After the demonstration is done, I hand out a blank piece of paper to each student. I show them how to fold the paper in half and then in half again so that they end up with four rectanges of equal size. The students use these four panels to create a series of charge diagrams for one of the four demonstrations done. My students are seated in groups of four, so each student in each group picks one of the demonstrations so that each group has all of the demonstrations done as a 4-panel charge diagram. While students create their diagrams, I walk around the room to monitor and provide support. They have 15 minutes to create their diagrams.
With 10 minutes left in the period, some students have started to finish their charge diagrams. I choose a few to be my "favorite no". This is when I display student work that contains errors that are very common. I congratulate that student on positive points of their work (very important to do this). Then I point out their one mistake. I tell the student that this is a common error and ask their permission to share it with the class. They often agree. If not, I say "no problem" and I move on.
I take the student work and place it under my document camera for the whole class to see. I ask the class, "What do you like about this work?" or "What is good about this work?" After students supply several answers, I ask, "How can we improve it?"
For this piece, the only issue I see is that the charge is not shown in the hair. While this is a minor point, the goal of the exercise is to draw the charge to explain what we see.
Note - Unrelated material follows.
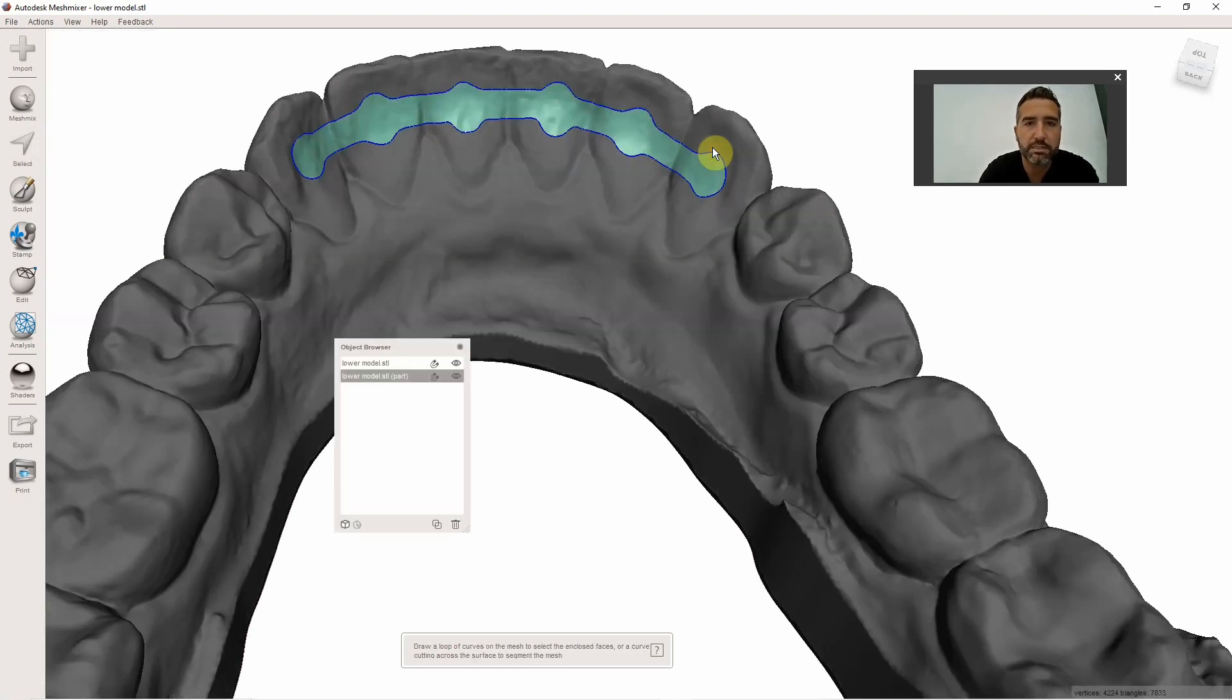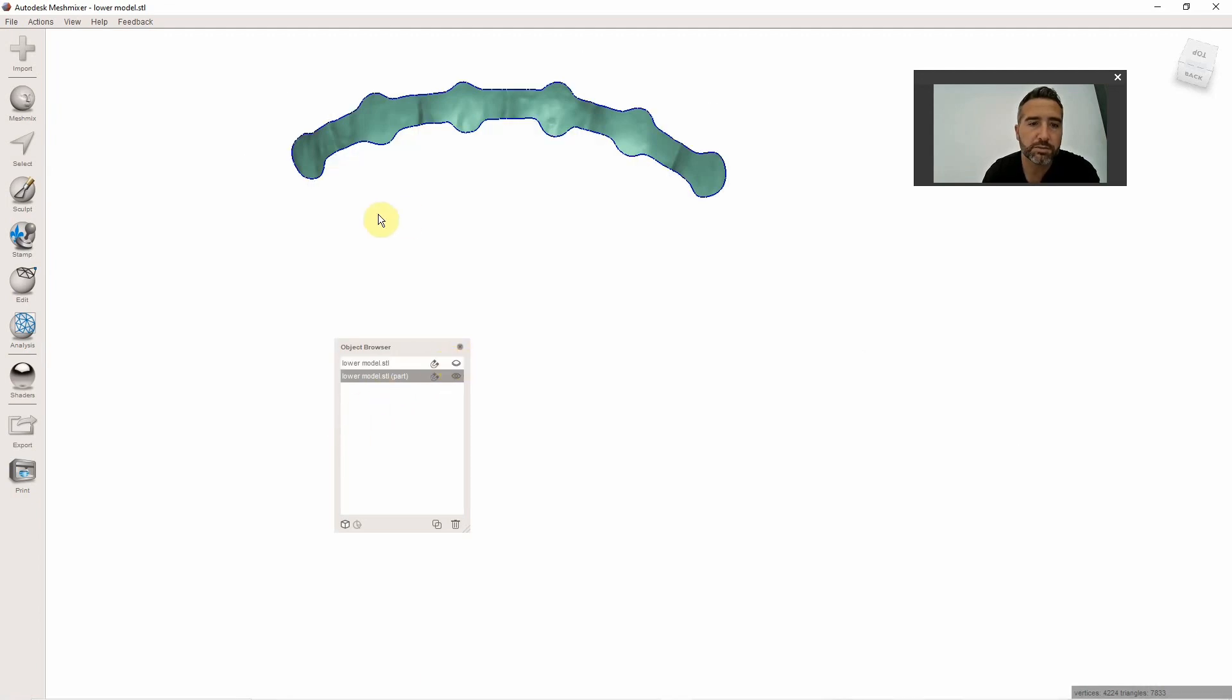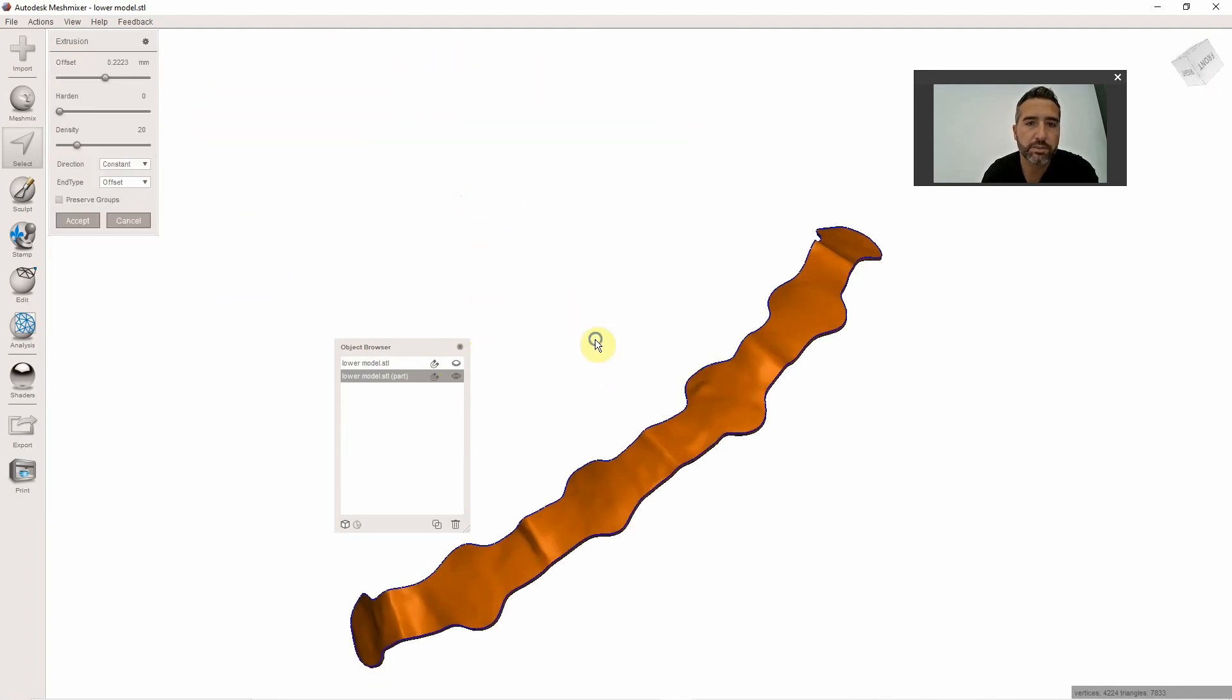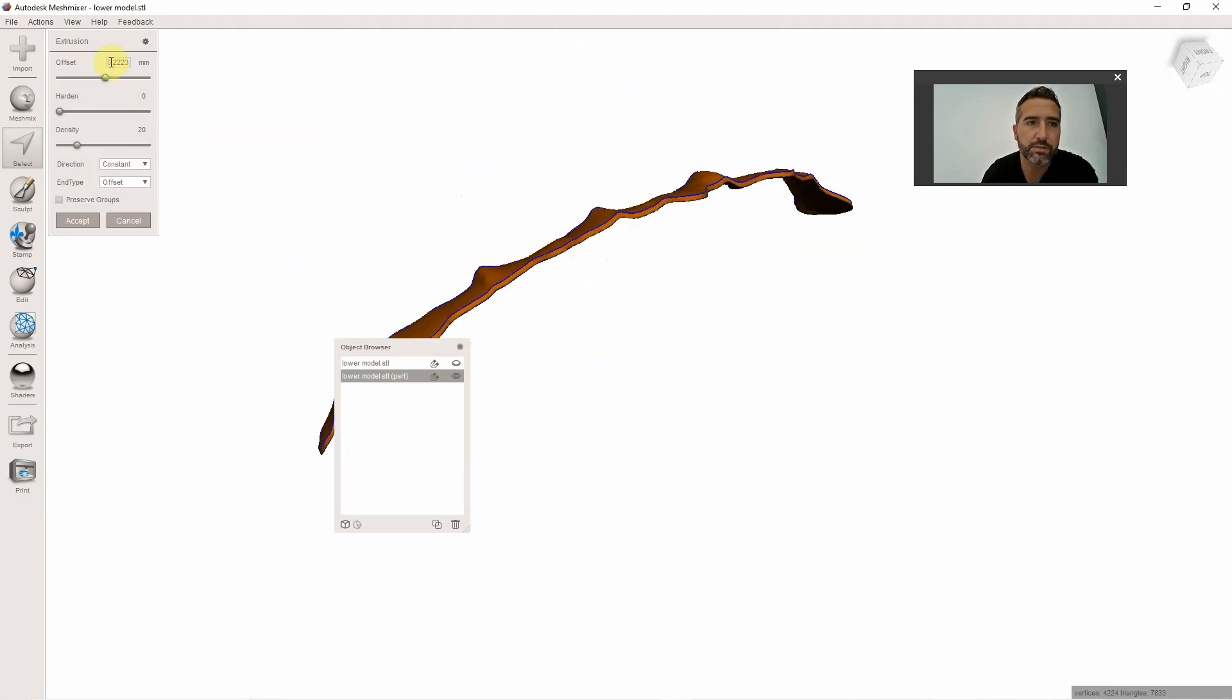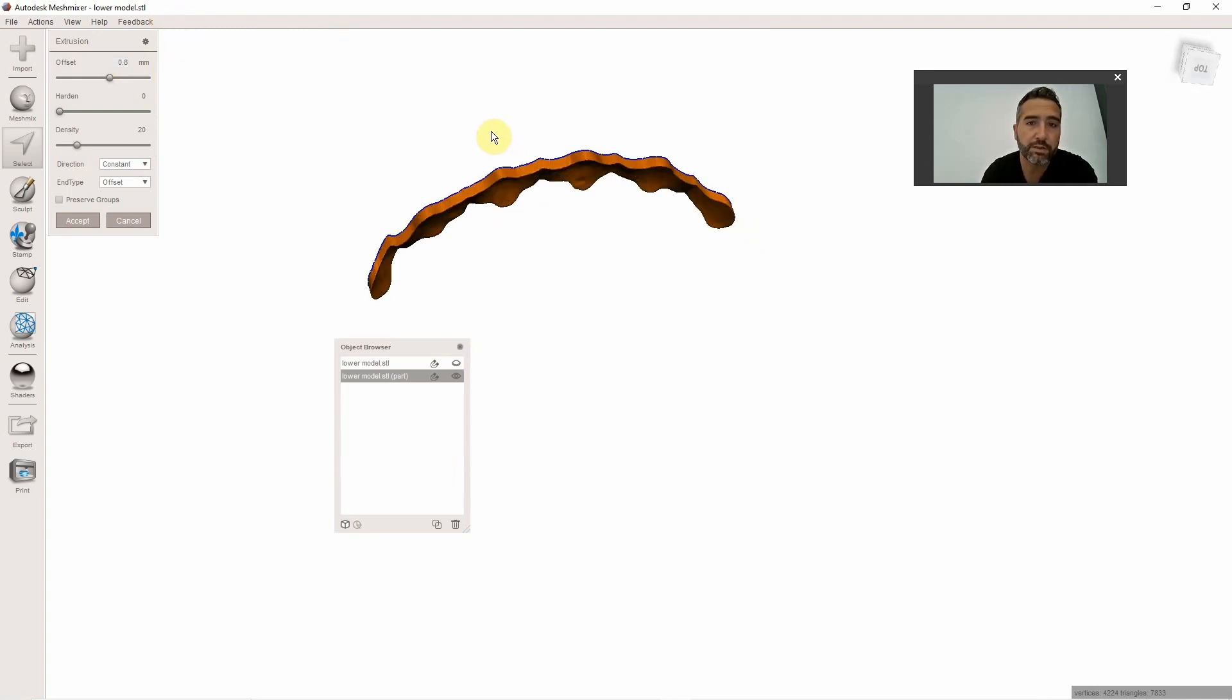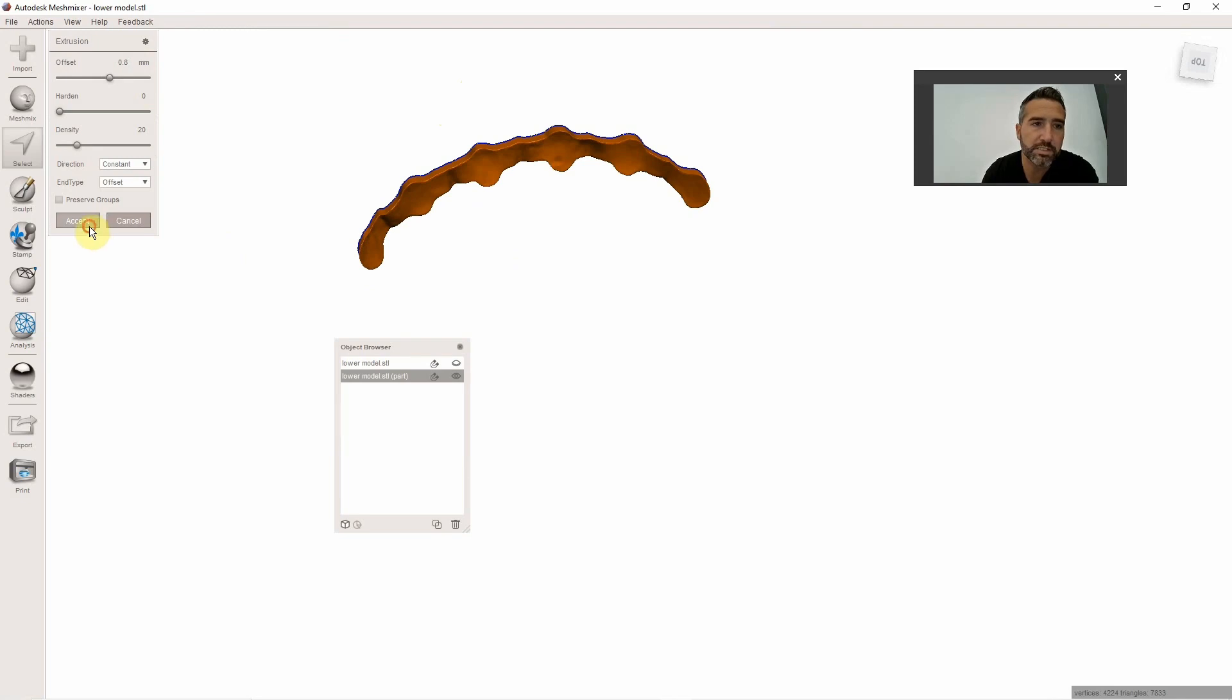Hit Y as in yellow to make that its own file. What you're going to do is hit Control-A to select the whole thing. You're going to hit D as in dog. That's going to extrude that surface. 0.8 millimeters is what I usually go for. This is personal preference. I've gone thinner than that for sure. You're going to hit Accept.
So this is an important part of the charge diagram.
For this Student Work Sample 1, the student neglectes to include the charge on the last panel.
On Student Work Sample 2, again charge should be on the forth panel since the VDG is still on.
For Student Work Sample 3, they put the wrong charge on the pie plates. The charge should be the same charge as the VDG which is why the pie pans fly off. The like charge repels.
With each of these samples, we start off with what is good about them, such as, the charge is evenly distributed or clearly drawn. Then we move to improvements and changes.
When I am done showing these samples, students still have a few minutes to make corrections to their own work which is the purpose of "my favorite no". Right before the students leave, I show Student Work Sample 4 which is an exemplar.